S corporations often borrow from or lend to their shareholders.In both cases, the issue is whether the transaction is an actual loan or something else designed to look like a loan. A loan to a corporation may be recharacterized as a contribution to capital. A loan from a corporation may be considered a distribution or disguised wages.It may be appropriate to document the debtor/creditor relationship by noting the intent of the loan and providing terms for interest, repayment, and a maturity date in a note.
The Service issued Regulations late in 2008 that address the tax treatment of open account debt, where there is no written note.If the account balance due to a shareholder exceeds $25,000 at the end of the S corporation's year, the loans are treated as separate written notes. So long as the balance of the shareholder's open account debt is $25,000 or less, advances and repayments are netted during the year and treated as one indebtedness. This can affect the shareholder's debt basis and the taxation of repayments, as noted below.
Action Item: Determine whether the money transfers between the company and the shareholder are intended to be repaid. If they are to be repaid, document a line of credit agreement between the company and shareholder with the terms and conditions of the loan.
Shareholder Loan Repayments
Please be aware that the repayment of shareholder loans may be taxable income to the shareholder. Shareholder loans allow corporate losses to be deducted on the shareholder's individual return after the stock basis has been reduced to zero. When this occurs, the shareholder's basis in the debt is reduced to the extent the corporate losses are deducted. If the debt basis is not restored before repayments begin, the shareholder may recognize capital gain if the loan is a formal note or ordinary gain if the loan is an open account. A formal note is evidenced by a written instrument. An open account loan is made up of shareholder advances that are not evidenced by a written instrument and repayments on those advances.
Action Item: Please contact us before you begin repayment of shareholder loans so we can assist you in determining if a gain could result from the repayment.
When a shareholder/employee uses a home office as a place of business for an S corporation, there are various ways to handle the expenses, but most result in little benefit to the homeowner. If the corporation pays rent to the employee, the rent is deductible by the corporation and income to the employee, but there is no opportunity for deducting offsetting expenses. If the employee is required to maintain the office for the convenience of the employer, the expenses are deductible, but most or all of the benefit may be lost as these are itemized deductions, reduced by 2% of adjusted gross income. Recent court cases have disallowed deduction of unreimbursed expenses of a shareholder/employee on Schedule E.
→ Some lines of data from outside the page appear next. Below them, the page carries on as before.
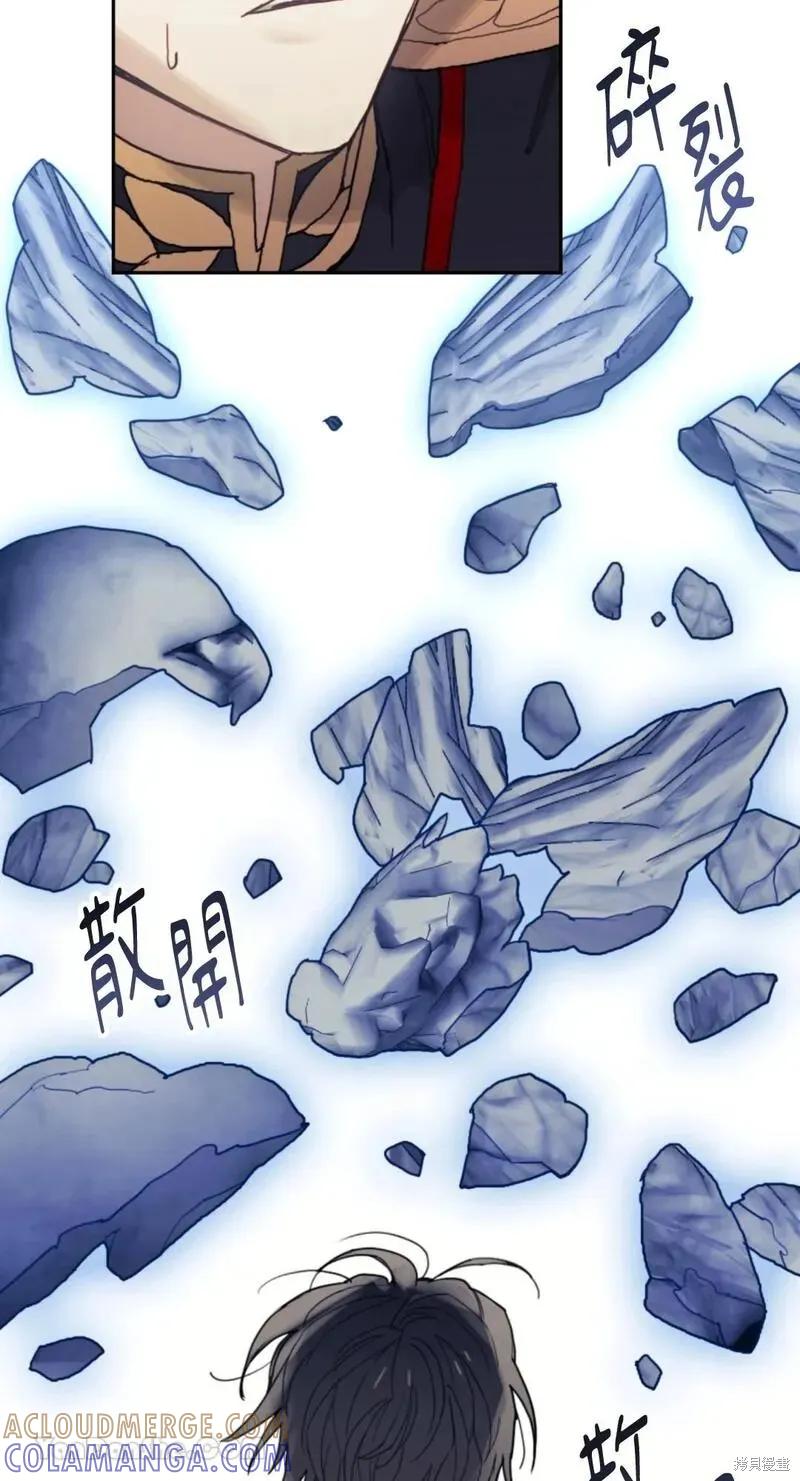 《男主我就敬谢不敏了！》第40话 第79页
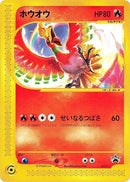 10-hooh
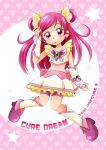  boots cure_dream hair_rings long_hair magical_girl pink_eyes pink_hair ribbon skirt yes!_pretty_cure_5 yumehara_nozomi 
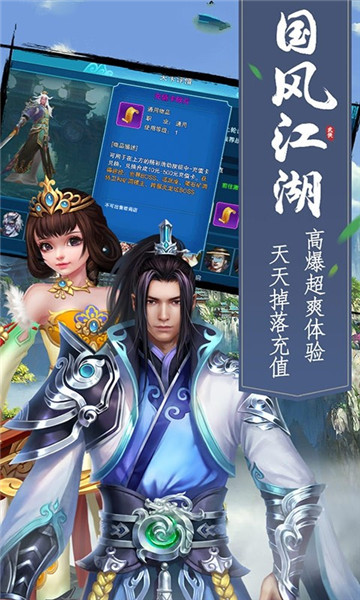 天玑苍穹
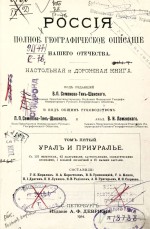 Россия. Полное географическое описание нашего отечества. Настольная и дорожная книга для русских людей. Том пятый. Урал и Приуралье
Following is a suggestion that may maximize the tax benefit of home office deductions. A shareholder-employee can calculate home office expenses as if an employee, and then, by written pre-arrangement with the corporation, have the corporation reimburse the shareholder for costs of the home office after they are substantiated in full (amount, time, place, and business purpose of each expense). Assuming the shareholder-employee could have claimed the expenses as business deductions if paid out of pocket, the reimbursement for the expenses is fully deductible by the corporation and is a tax-free accountable-plan reimbursement to the employee. However, the shareholder employee must reduce the itemized deductions for mortgage interest and property tax by the business-related portion if the corporation gives the shareholder a tax-free accountable-plan reimbursement for these items. Otherwise, there would be a double tax benefit-a deduction and tax-free reimbursement-for the same expense.
Action Item: Fully substantiate the shareholder's cost of their home office, prepare a written agreement, and provide corporate reimbursement for these costs.